Ranking NBA Refs - pt. 2 Building a Bayesian Model

Updated: Jan 16, 2022



In Part 1 of my work on ranking the NBA refs, I showed the results of a Bayesian model to rank NBA refs by accuracy. In this post, I want to go in depth on the model building process and explore how the model was conceptualized, the assumptions that go into the model, and the code to fit the model using Stan. I hope that this post will be helpful to people who have some knowledge of Bayesian statistics, but wouldn't call themselves model fitting experts.


Conceptualization

As mentioned in my previous post, my Twitter bot that was posting about the refs for each Jazz game was just using a simple average of how many bad calls were made while each ref was on the court. This was naive for two reasons: (1) Different refs spent dramatically different amount of time on the court during Last Two Minute Reports, and (2) Just because a ref was on the court doesn't mean he was to blame for the bad call; getting paired with crappy refs would unfairly hurt your ranking.

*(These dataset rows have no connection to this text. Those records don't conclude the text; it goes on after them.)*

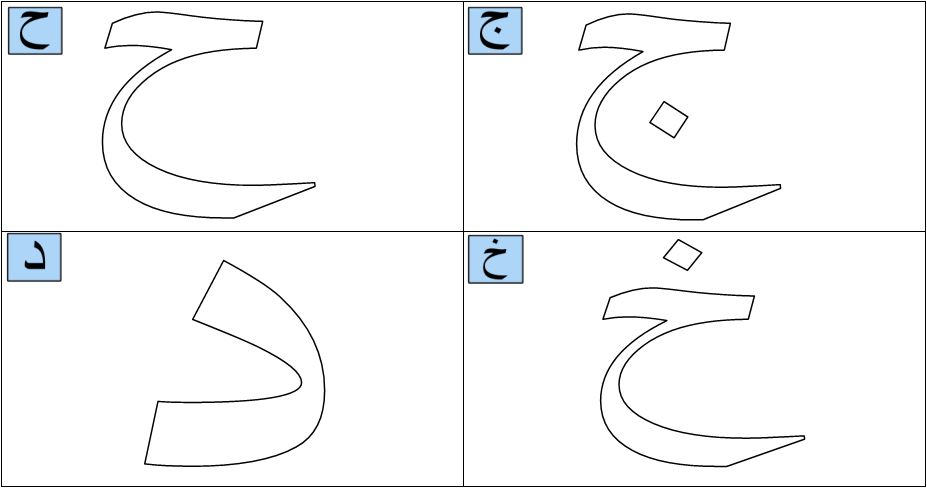 Detail Dot To Dot Huruf Hijaiyah Nomer 7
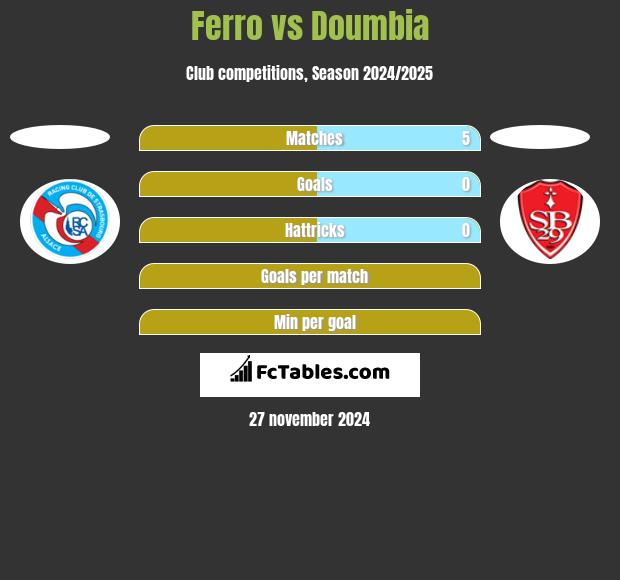 Ferro vs Doumbia h2h player stats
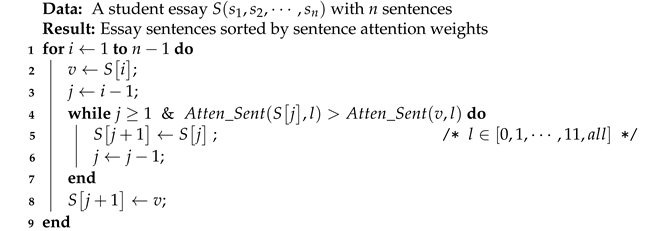 Electronics 12 00150 i001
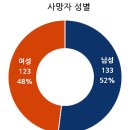 국가별. 지역별 코로나바이러스 발생현황(2020.05.07일 0시기준) 이미지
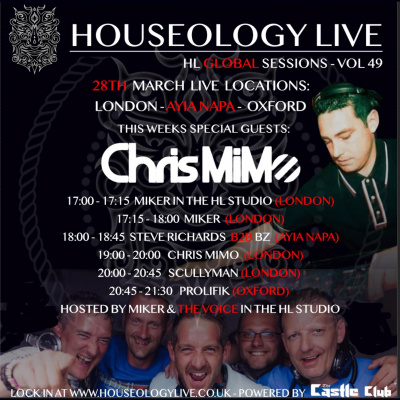Houseology Podcast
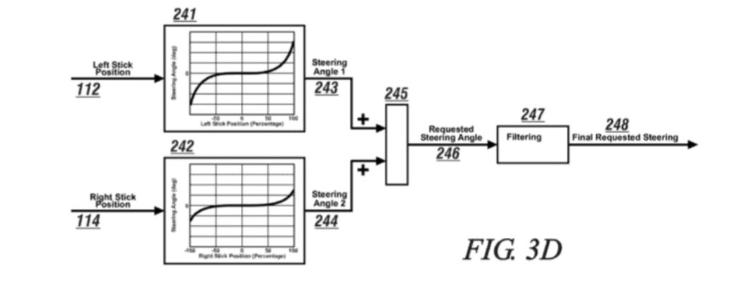 通用汽车申请远程车辆控制专利(图3)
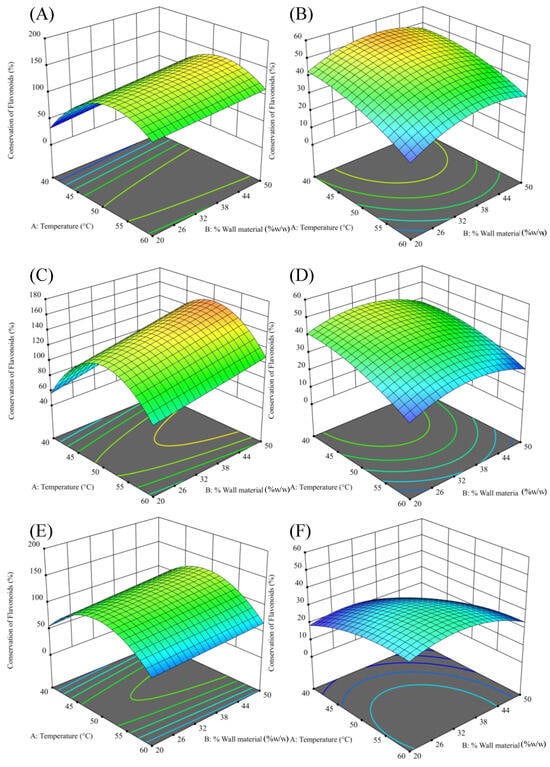 Processes 12 02154 g0a1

By building a model, I knew we could address these issues, but had to decide what kind of model to build. Wanting to understand the "bad call rate" was what motivated me to explore poisson models. If events (e.g. bad calls) happen at a constant rate, then the number of events that happen in a given time period (e.g. last two minutes) will be poisson distributed. Therefore, a poisson likelihood seemed like a natural fit for the data.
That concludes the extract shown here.